Naked Video is a BBC Scotland sketch show that was aired on BBC Two from 12 May 1986 to 18 November 1991. The show was created by Colin Gilbert who had previously created A Kick Up the Eighties and Naked Radio (the latter being a radio sketch show that was aired on BBC Radio Scotland, began its ten-year run on 22 January 1981, covered all aspects of Scottish society and featured a lot of topical satire material rather than parody). The series originally starred Ron Bain, Gregor Fisher, Andy Gray, Elaine C. Smith, Tony Roper, Helen Lederer and Jonathan Watson, but they were later joined by Kate Donnelly and Louise Beattie. The series’ producer was Colin Gilbert and its script editor was Philip Differ.

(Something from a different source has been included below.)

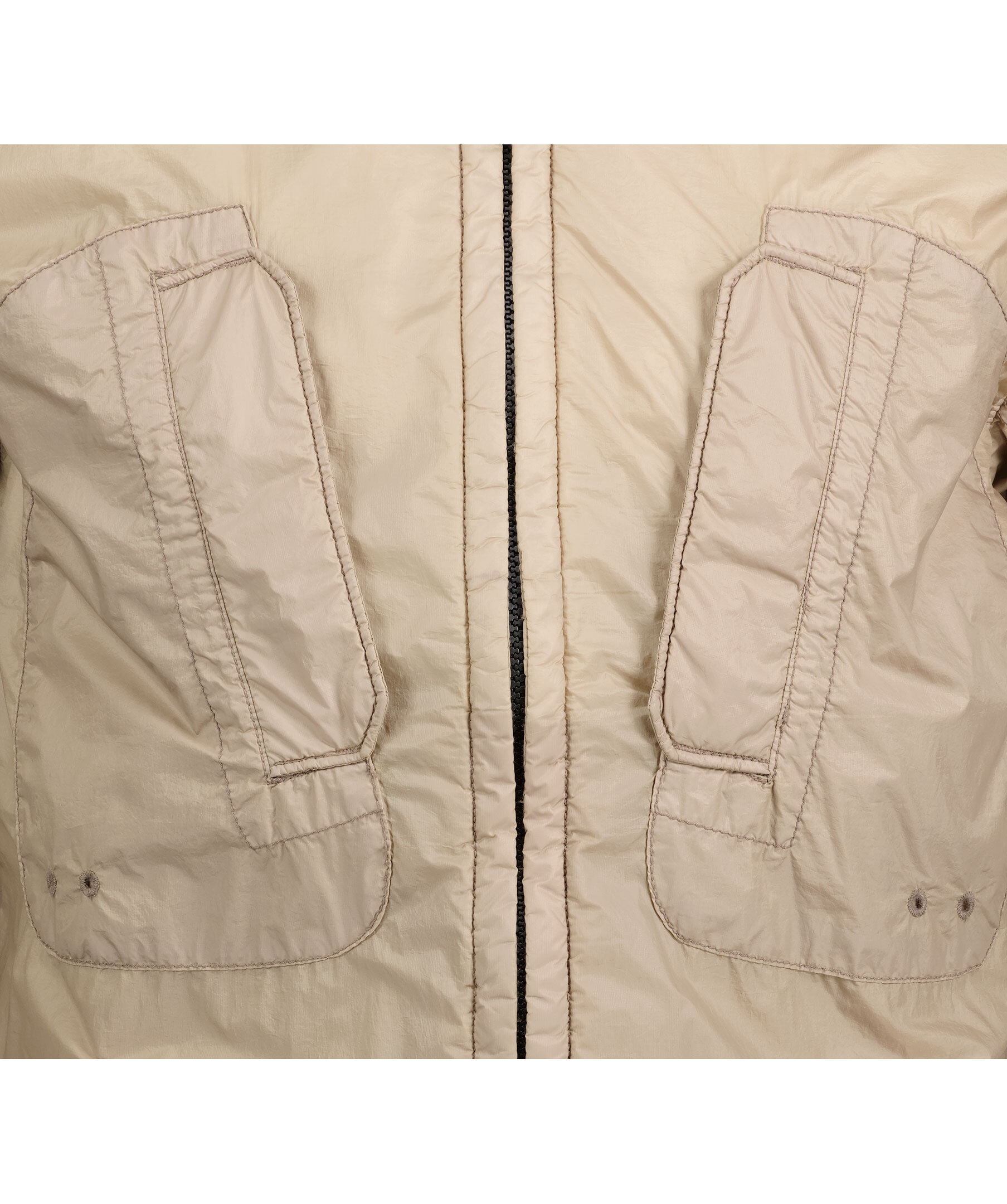 Packable Jacket 2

Naked Radio proved a popular part of the local schedule, and in 1985, the cast mounted the series on stage at the year’s Edinburgh Festival Fringe. Gilbert realised the series had potential for television and Naked Video was created. It proved popular at a time when alternative comedy was at its peak. The Naked Radio series ended in 1991, when it was cancelled along with Naked Video. The show also spawned a radio spin-off: the football-themed Only an Excuse?, which later also made the transition to television.

In 2000, the cast reunited for a theatre show and radio broadcast, and in 2005, Gerard Kelly (1959-2010) presented a documentary for the Radio Roots season on BBC Radio Scotland, looking at how the series “sprouted a generation of TV writing and performing talent”.

Regular characters

Naked Video featured far too many characters (most of which were one-offs) to be described here but some of the recurring ones were:

  • Rab C. Nesbitt (Gregor Fisher, Series 1-4): A stereotypical Glaswegian alcoholic, dressed in a string vest, a pinstripe suit and a grubby headband covering a shrapnel wound. He was arguably the most popular character (his wife Mary Nesbitt, played by Elaine C. Smith, and his neighbour “Jamesy” Cotter, played by Tony Roper, also first appeared in this series) and he later went on to receive his own series in 1988 (which was produced and directed by Colin Gilbert, and written by Ian Pattison) which became a successful sitcom (however, his sons, Gash and Burney Nesbitt, did not appear in Series 4).
  • The Baldy Man (Gregor Fisher): A vain halfwit who has only a few strands of hair across his head. The character later went on to receive his own series on ITV in 1995, produced and directed by Colin Gilbert, who also worked with Fisher on Rab C. Nesbitt.
  • Drunk Sloane (Helen Lederer): An attractive, but stupid, woman who props up a wine bar and delivers monologues to the camera.
  • Bitter Divorcee Lizzie (Elaine C. Smith): An attractive thirty-something woman who, like Drunk Sloane, delivers monologues to the camera about her divorce from her husband (whom she had given the nickname “Fast Eddy”), only from her bedroom as opposed to a wine bar.
  • Siadwel (John Sparkes, Series 1-3): A geeky anorak-clad Welsh poet, who had previously appeared in the BBC Radio 4 series Bodgers Banks and Sparkes. In the fifth episode of Series 3, he died of alcohol poisoning, but in the sixth episode his head came back to Earth as a ghost (and he realised that all his family had gone to his funeral and left his coffin in his bedroom).
  • Highlander Angus (Gregor Fisher, Series 3-5): A Gaelic television presenter for the “Outer Hebrides Broadcasting Corporation” who made up news headlines for clips of real-world footage (in one episode, he also held a phone-in competition to win an OHBC vest). He replaced the two presenters (played by Andy Gray and Helen Lederer) who introduced each episode of Series 1 and 2.
  • Bernard and Miriam (Gregor Fisher and Helen Lederer, Series 3-5): A repressed middle-aged couple. In one episode, Bernard made an electric chair for Miriam’s mother, and when Miriam took offence, she put Bernard into it and electrified him (but it did not kill him).

A total of thirty 25-minute episodes were produced over five six-episode series. The third series was also produced in 1988 prior to the pilot episode of Rab C. Nesbitt (as evidenced by a VHS tape named “Mary and Jim’s Wedding, 2nd November 1988” which dropped out of a Polaroid camera and had an “18” sticker placed on it at the end of its third episode), but it was not transmitted until 19 January 1989.